The Zhitong Finance App learned that the head of the Japan Automobile Industry Union said he is worried that if the central bank raises the benchmark interest rate on Friday as the market generally expects, this move may affect the company's ability to raise wages in the next fiscal year. Akihiro Kaneko, chairman of the Japan Federation of Automobile Trade Unions, said in an interview on Tuesday: “If the Bank of Japan's decision causes the yen to rise sharply after Friday, it may affect business confidence.” He added: “Drastic exchange rate fluctuations will make it more difficult for exporters to implement wage increases because profits are expected to disappear.” At the same time, he pointed out that if changes are moderate, enterprises should be able to adapt.
Kaneko made this statement at a time when the Bank of Japan's Monetary Policy Committee is preparing to meet, and the market is closely monitoring wage developments in the automobile industry. The Bank of Japan is expected to raise the policy interest rate to 0.75% at the end of Friday's meeting, the highest level in 30 years.
Bank of Japan Governor Kazuo Ueda said after the October meeting that he is watching the “initial momentum” of next year's salary negotiations, and industries affected by tariffs are the focus of special attention. A report released by the Bank of Japan on Monday showed that further progress has been made on the payroll front, but Kaneko said the authorities should wait for more convincing signs.
“If the Bank of Japan is looking for 'initial moment', that could mean waiting until February or March next year,” Kaneko said. The company may even change its mind after a month depending on the situation at the time.” In the automotive industry, major companies usually announce their remuneration agreements in mid-March after a request from a trade union in mid-February.
After experiencing the generally anticipated rate hikes this week, most economists expect the Bank of Japan to tighten policy at a pace of about once every six months. The median forecast shows an end interest rate of 1.25% for the current cycle. Kaneko said that if the inflation rate remains around 2% and exchange rate fluctuations are moderate, a gradual increase to around 1% will be in line with sustainable growth.
Kaneko's trade union last week announced a draft policy for wage negotiations that will culminate in March, stating that it will seek a minimum monthly basic wage increase of 12,000 yen ($77.50). By using this figure as a minimum standard rather than a reference point, the union's stance is slightly stronger than last year. Last year, the union secured 9,520 yen or 3.58% pay increase, the highest level since 1996.
Like other trade unions, Kaneko's organization will also focus on narrowing the wage gap between large and small companies in the upcoming salary negotiations. According to trade union statistics released in September, in the last round of negotiations, the average wage of employees in companies with fewer than 300 employees increased by 8,688 yen, far lower than the 12,831 yen won by large companies with 3,000 or more employees.
The new wage targets suggest that workers intend to keep up the pressure on their employers despite increasing negative factors, including higher US tariffs. According to the Bank of Japan's corporate commodity price index report, Japanese automakers cut the price of cars sold in North America by nearly 20% earlier this year to maintain competitiveness due to tariffs driving up costs. According to the company's financial report, the total impact of tariffs on the seven major automobile manufacturers is expected to reach 2.5 trillion yen in the fiscal year ending March next year.

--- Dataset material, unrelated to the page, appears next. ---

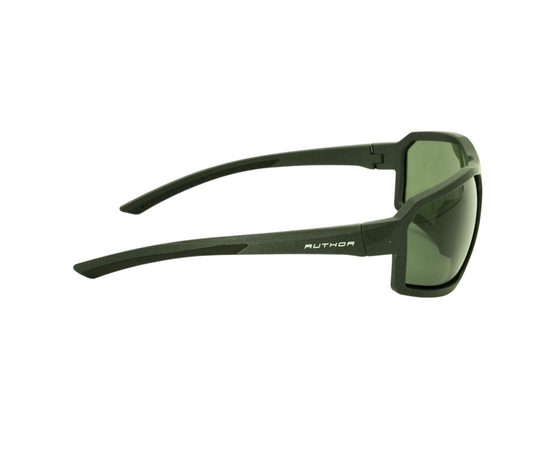 Очки солнцезащитные Author FS7 Polarized Green 17 (матовый-серый), изображение 3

Kaneko said the impact of higher US tariffs may be partially offset by stronger domestic demand. Prime Minister Takaichi Sanae plans to abolish the gasoline tax, which will help support domestic automobile demand and may stabilize the profit base of automobile manufacturers.
Kaneko generally supports Takaichi Sanae's growth strategy. Last month, the government launched the largest economic package since pandemic restrictions were eased, including measures to promote wage growth of about 980 billion yen (mainly for small and medium-sized enterprises) and various measures to stimulate growth.
However, Kaneko, who once led the Toyota Motor Corporation trade union, warned that excluding large companies from preferential tax policies for salaried companies prior to key salary negotiations could affect business sentiment. He also urged the government to step up measures to increase productivity, including supporting digital investments, to help maintain the country's global competitiveness.
As wage negotiations are about to officially begin at the beginning of the new year, the union chairman's words have become more powerful. “This is the fourth year since we first stepped up our action, and there is a risk that it may become routine rather than targeted,” Kaneko said. In this sense, we hope to build on the momentum by emphasizing the need for salary increases both internally and externally.”